Obra maior de Almeida Garrett e da dramaturgia portuguesa, Frei Luís de Sousa (1844) é uma tragédia moderna em que conflituam valores humanos e religiosos, de matriz cristã. A ação, inspirada na história real de D. Manuel de Sousa Coutinho (mais tarde Fr. Luís de Sousa), encena o drama que se abate sobre uma família “honesta e temente a Deus” –  nas palavras do autor – quando a mulher é surpreendida pela notícia de que está vivo o primeiro marido, D. João de Portugal, desaparecido em Alcácer Quibir.
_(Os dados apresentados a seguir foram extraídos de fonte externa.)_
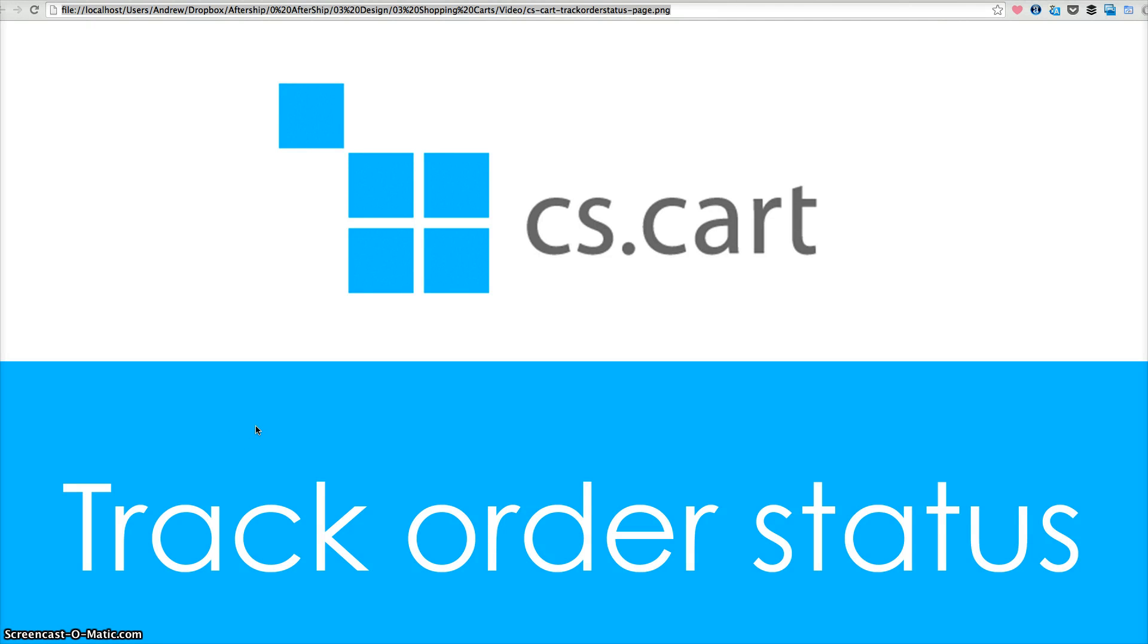Hi, this is Andrew. I'm going to show you how to insert the Aftership track button to the CS cart store.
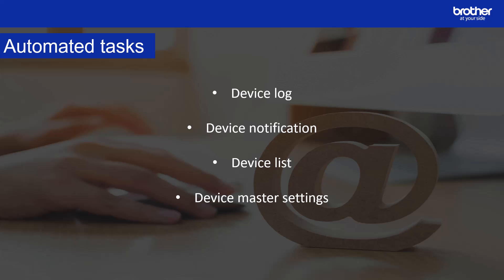Device master settings. This task monitors a target device periodically and recovers the device's original settings if they are accidentally changed. Another feature in device master settings allows you to automate device firmware checks and updates.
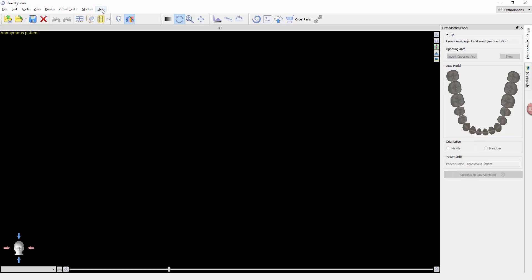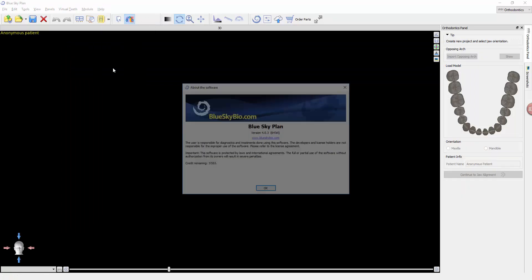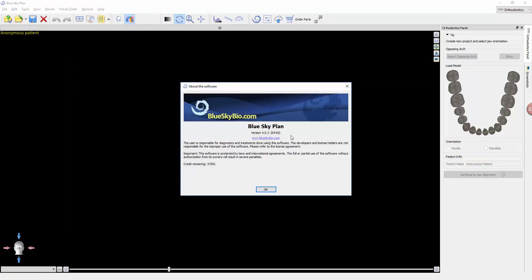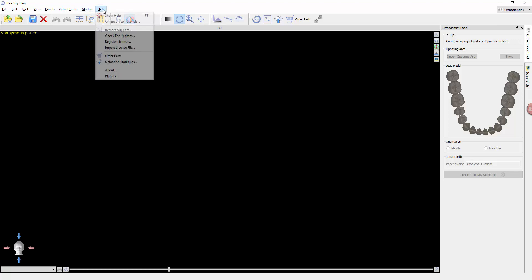Also, you can take note on the help. If you come down to about, this will be able to tell you which version of the software you're using. So as new versions are released, you can keep track of which version you are currently running if you need to update. Also, the actual check for updates button.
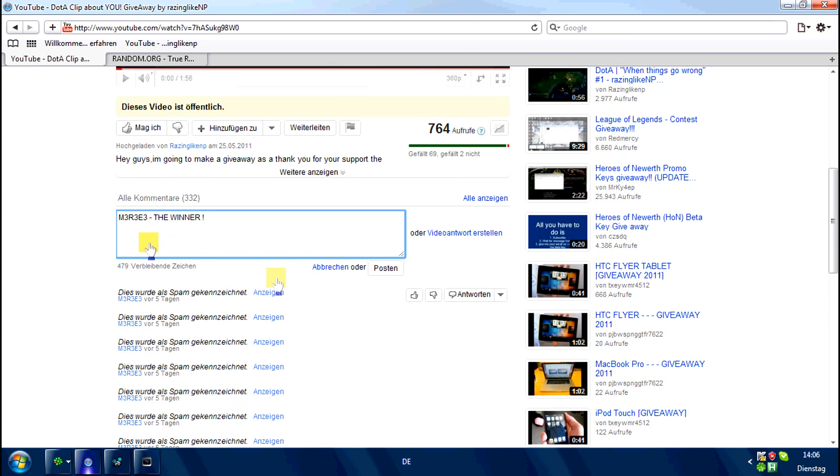Well, maybe next time. And I think I'm gonna make the next giveaway at 2500 subs. I'm not sure, but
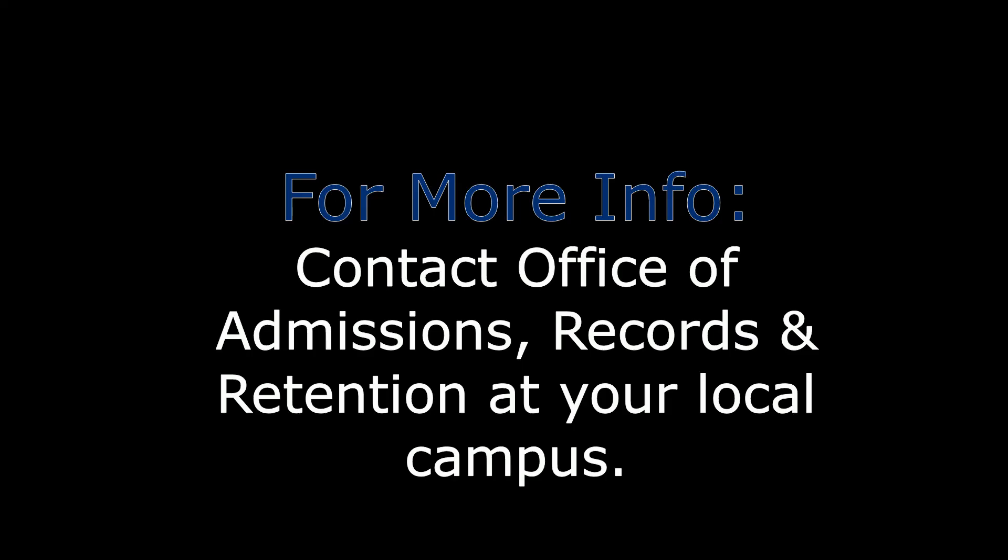You have successfully registered using online registration. If you have any questions, please contact your Office of Admissions, Records and Retention at your local campus. Thank you for watching.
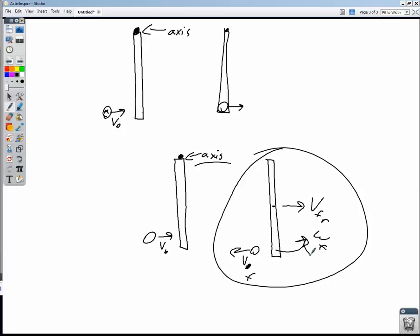Momentum is conserved — both linearly and angularly. Start there, work down through the problem, and solve for what you're trying to find. See you next time.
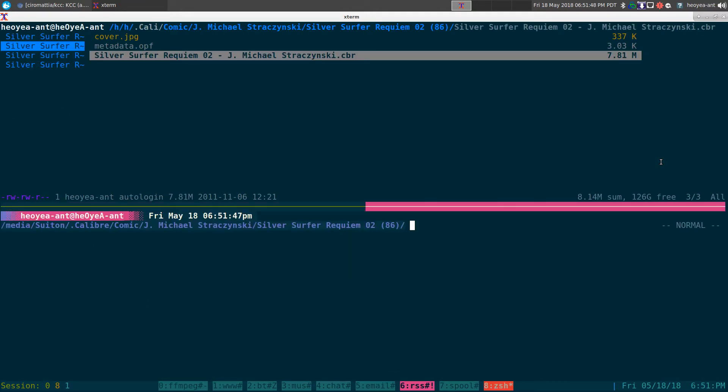We have this one comic file called Silver Surfer Requiem 02 here. Alright, so that's what we're going to do. We're going to do KCC.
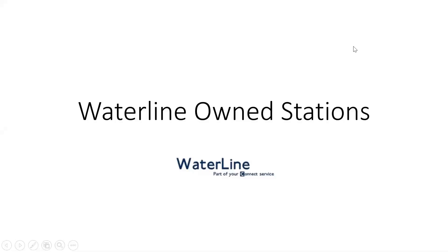Hi, everybody. Today we're going to be looking at which operators own which stations in SCR. So the first of the few is Waterline-owned stations.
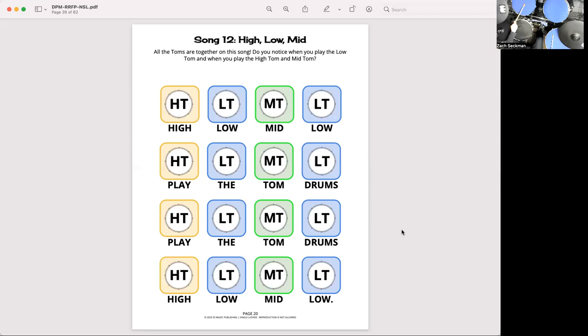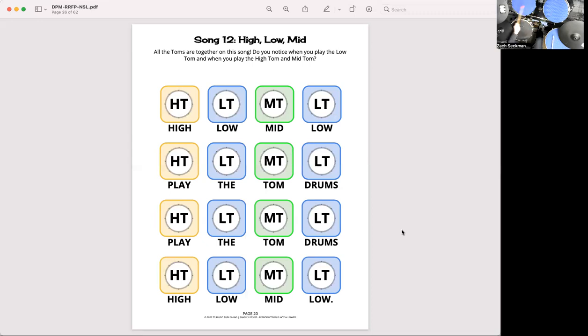One, two, three, four. High, low, mid, low. Play the tom drums. Play the tom drums. High, low, mid, low.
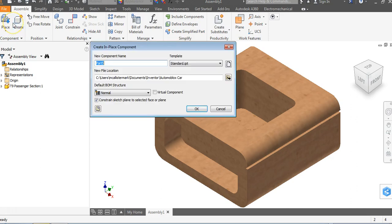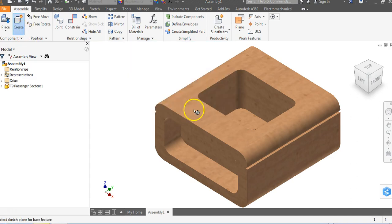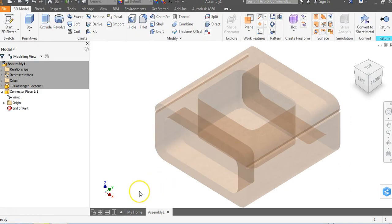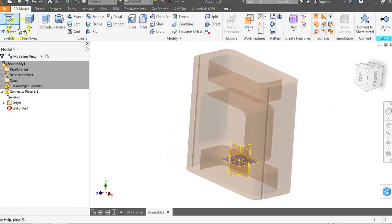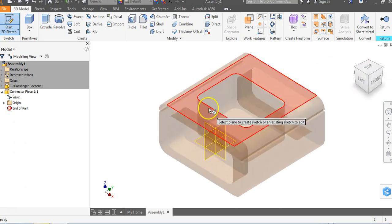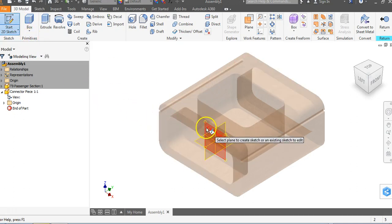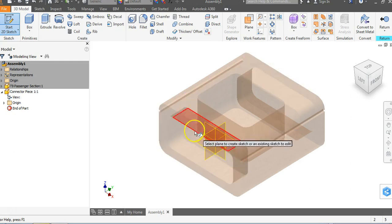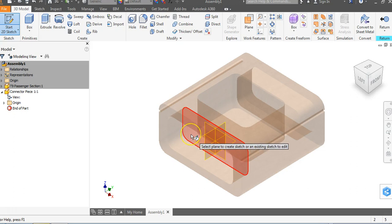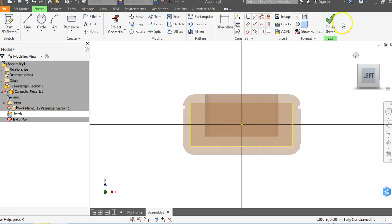I'm going to go to Create at the top and call this 'connector piece one'. When you go to Create, you're saying you want to create a part within an assembly. I'll name it connector piece one, say OK, and it will ask what surface you want to start sketching on. I'm going to click on this surface here — everything turns to a watermark and we're back into the 3D model. I'll click the pencil, rotate around, go back to my home view, and click on that plane. The XY plane is on the surface we clicked.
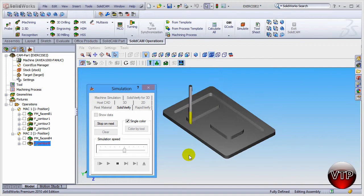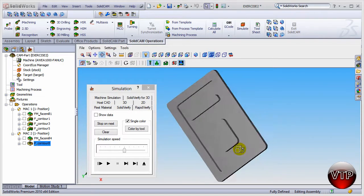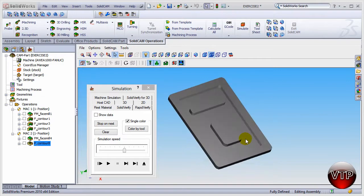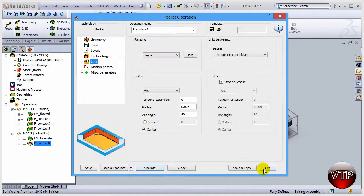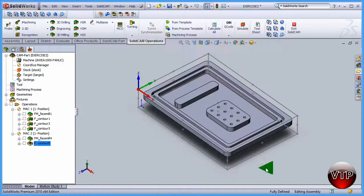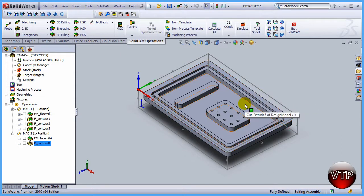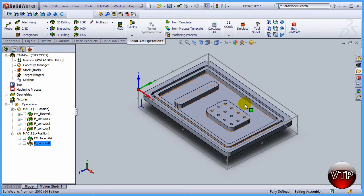This concludes your session. I'm going to click on X and click on exit. So far for the second setup we have done the facing and we've done the pocket milling. That concludes our session for creating the pocket operation for exercise number two.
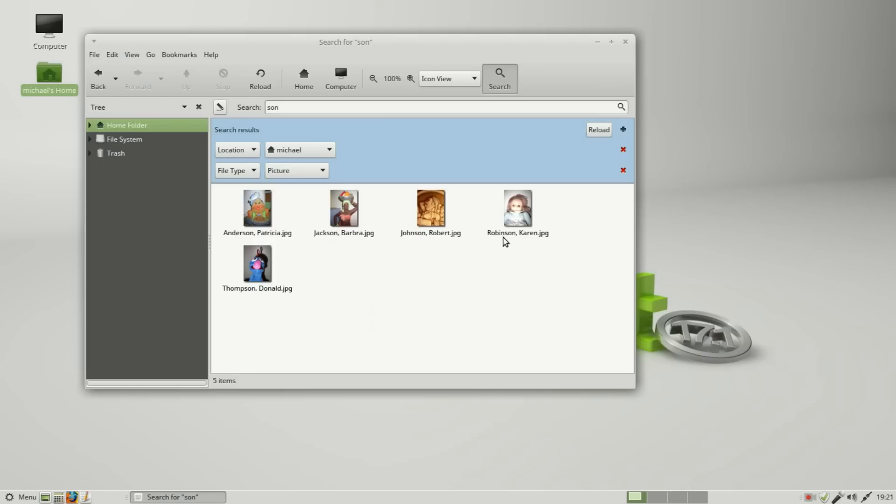These are pictures that have SON in the file name.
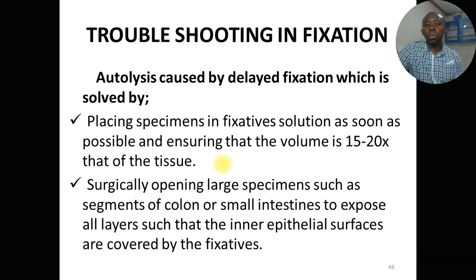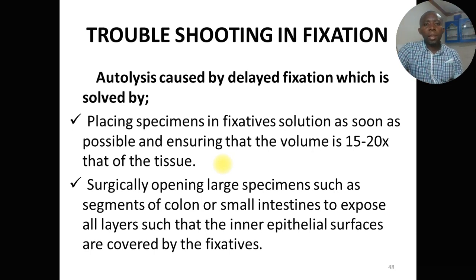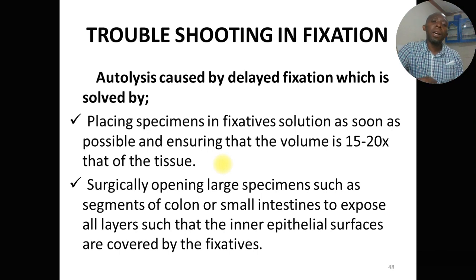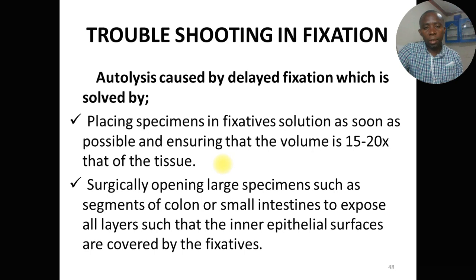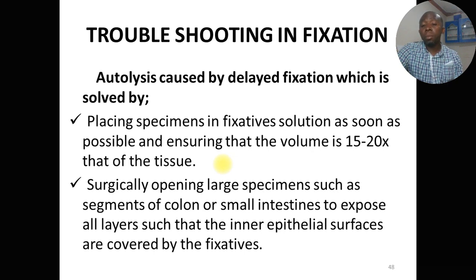For troubleshooting fixation problems: autolysis caused by delaying fixation can be addressed by placing the specimen in fixative solution as soon as possible and ensuring the volume of fixative is at least 15 to 20 times that of the tissue. If tissue is not fixed well, consider surgically opening large specimens or performing bread-loafing to ensure the fixative reaches all parts.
A exigência moral do cristianismo está no cerne do drama. Sendo o casamento católico indissolúvel, cria-se assim um impasse irresolúvel em que pai, mãe e filha perdem a honra e a felicidade; ficam privados do direito a serem uma família, também ele firmado com a bênção de Deus. Por seu lado, a religião impõe-se às personagens sob a forma inescapável da consciência moral: D. Madalena debate-se com a culpa angustiante de ter amado em pensamento D. Manuel ainda durante o primeiro casamento; e a verdade, mesmo devastadora, não lhes permite rasurar o regresso do “outro” ao seu antigo lar. A solução trágica passa necessariamente pela morte: simbólica para os esposos que abandonam o mundo tomando o hábito conventual; para o regressado D. João, porque um morto-vivo não tem lugar neste mundo; e morte física no caso da jovem inocente, Maria, cuja revolta eclode de forma patética no final do drama: “Que Deus é esse que está nesse altar e quer roubar o pai e a mãe a sua filha?”. A pergunta de Maria coloca-se também ao leitor cristão, em termos teológicos. Se a autoimolação pode resgatar os adultos crentes, como aceitar a “vontade” de um Deus que castiga cruelmente uma vítima sem culpa do “pecado” dos pais? Será este um Deus de Amor e de Justiça? A resposta, canónica mas perturbadora, chega pela voz do padre oficiante: “Meus irmãos, Deus aflige neste mundo àqueles que ama. A coroa de glória não se dá senão no Céu”. Resumem-se nesta sentença final os princípios axiológicos da resignação e da esperança; mas também ecoa um certo sentido, muito humano, de incompreensão perante os desígnios divinos. Projeta-se nela ainda a fé tão sincera quanto questionadora de Almeida Garrett.

 

Bibliog.: GARRETT, Almeida, Frei Luís de Sousa, introdução de Ofélia P. Monteiro, Porto, Livraria Civilização, 1987; MARTINS, J. Cândido, “Para uma sistematização didáctica das leituras interpretativas do Frei Luís de Sousa de Almeida Garrett”, Revista Portuguesa de Humanidades, vol. 3, n.º 1-2, 1999, pp. 267-303; MONTEIRO, Ofélia Paiva, “Frei Luís de Sousa”, in Biblos. Enciclopédia Verbo das Literaturas de Língua Portuguesa, vol. 2, Lisboa/São Paulo, 1997, pp. 690-694; MONTEIRO, Ofélia Paiva, “Deus, Natureza, Homem no universo garrettiano”, in MONTEIRO, O. e SANTANA, M. H. (coord.), Almeida Garrett: um Romântico, um Moderno, vol. i, Lisboa, IN-CM, 2003, pp. 109-144.